A. 870. We label every edge of a simple graph with the difference of the degrees of its endpoints. If the number of vertices is \(\displaystyle N\), what can be the largest value of the sum of the labels on the edges?

Proposed by Dániel Lenger and Gábor Szűcs, Budapest

(7 pont)

Deadline expired on February 12, 2024.

Let \(\displaystyle v_1\) denote the number of edges connecting vertex \(\displaystyle v\) to a vertex with a smaller degree, and \(\displaystyle v'_1\) denote the number of edges connecting vertex \(\displaystyle v\) to a vertex with smaller or equal degree. \(\displaystyle v_2\) and \(\displaystyle v_2'\) are defined similarly. The degree of \(\displaystyle v\), \(\displaystyle d(v)\) can be written as \(\displaystyle v_1+v'_2\) and \(\displaystyle v'_1+v_2\).

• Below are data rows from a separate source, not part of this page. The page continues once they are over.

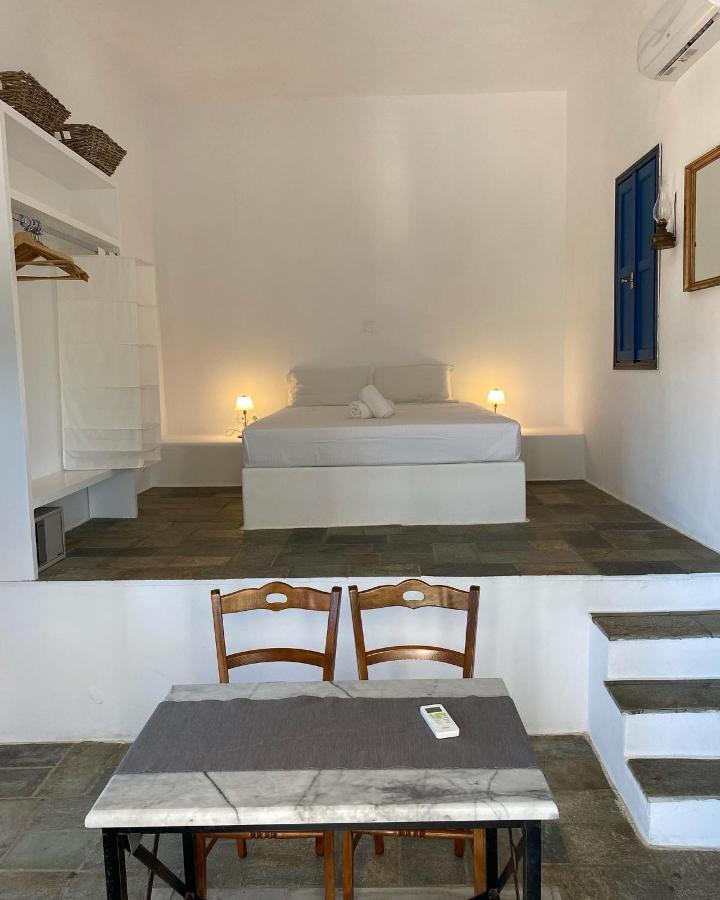 Iliopetra Studios Chrisi Akti  Exteriör bild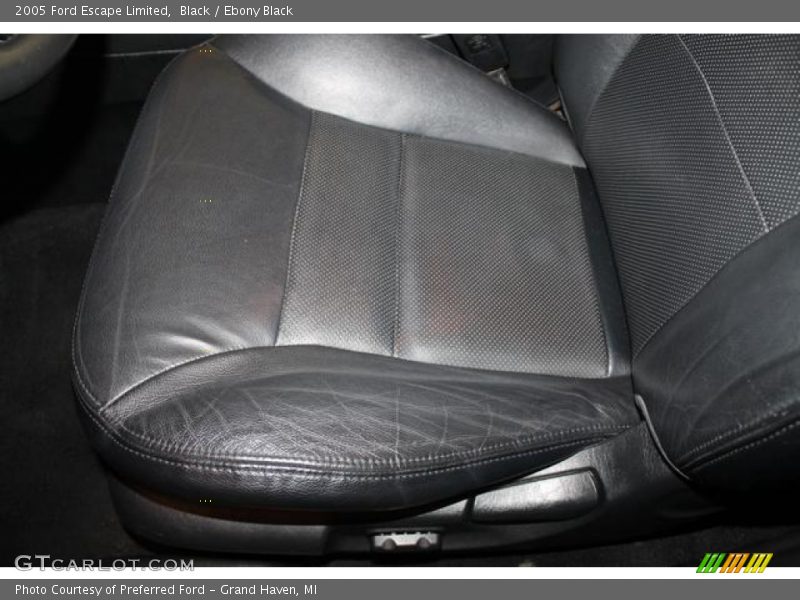 Black / Ebony Black 2005 Ford Escape Limited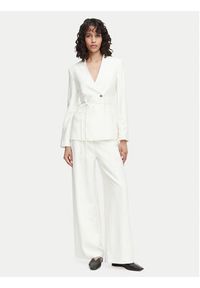 Calvin Klein Marynarka LV044F408G Kremowy Regular Fit. Kolor: kremowy. Materiał: wiskoza #2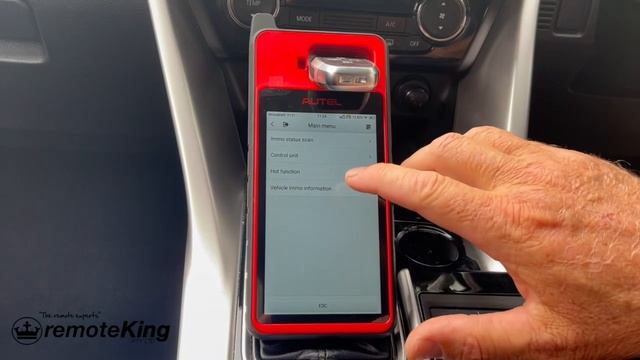 Using the Autel KM100 to Generate and Program a Smart Key (Mitsubishi Eclipse Cross, 2019) смотреть онлайн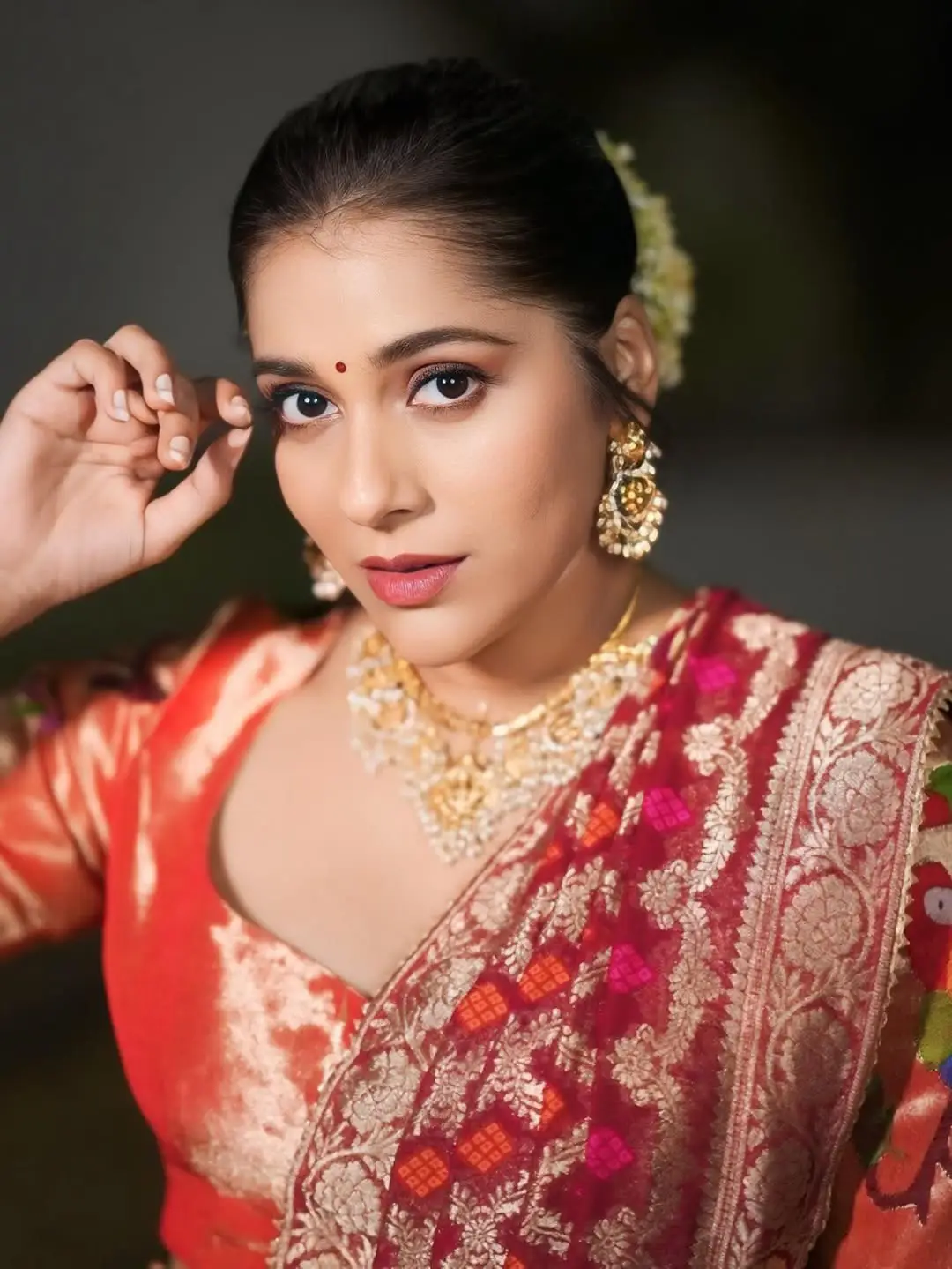 Anchor Rashmi gautham latest photos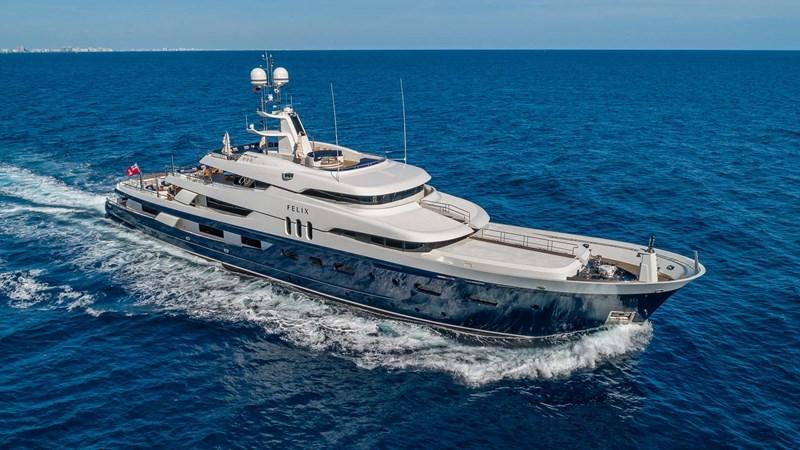 yacht Amadeus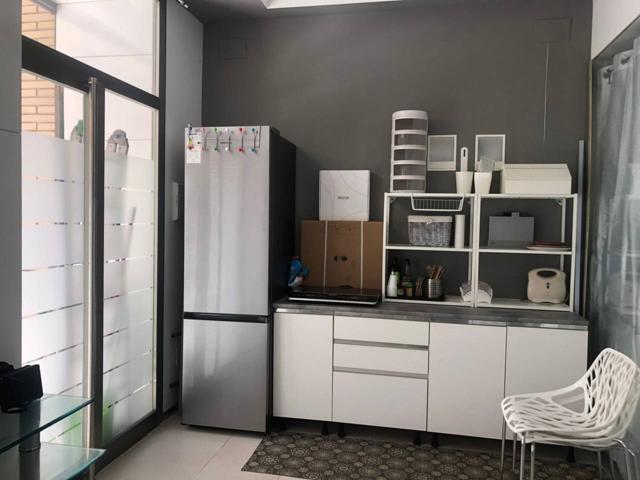 Local en venta en Campclar(43006) photo 0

Let's assume that graph \(\displaystyle G\) is extremal. We will prove several observations about \(\displaystyle G\).

Adding an edge. Suppose that \(\displaystyle k\) and \(\displaystyle n\) are two unconnected vertices of the graph with \(\displaystyle d(k)\le d(n)\). What happens to the weights on the edges if we add edge \(\displaystyle kn\) to \(\displaystyle G\)? The weights will increase by one on those edges that connect the vertices to a vertex with a degree that's not larger, and it will decrease by 1 on those edges that connect the vertices to a vertex with a larger degree. This gives a total of \(\displaystyle n'_1+k'_1-n_2-k_2\). Additionally, edge \(\displaystyle kn\) will have a weight of \(\displaystyle d(n)-d(k)\). Therefore the total change is

\(\displaystyle d(n)-d(k) + n_1'+ k_1' - n_2 - k_2 = n_1' + n_2 - k_1' - k_2 + n_1'+ k_1' - n_2 - k_2 = 2(n_1' - k_2).\)

Since \(\displaystyle G\) was extremal, \(\displaystyle 2(n'_1-k_2)\le 0\), and thus \(\displaystyle n'_1\le k_2\).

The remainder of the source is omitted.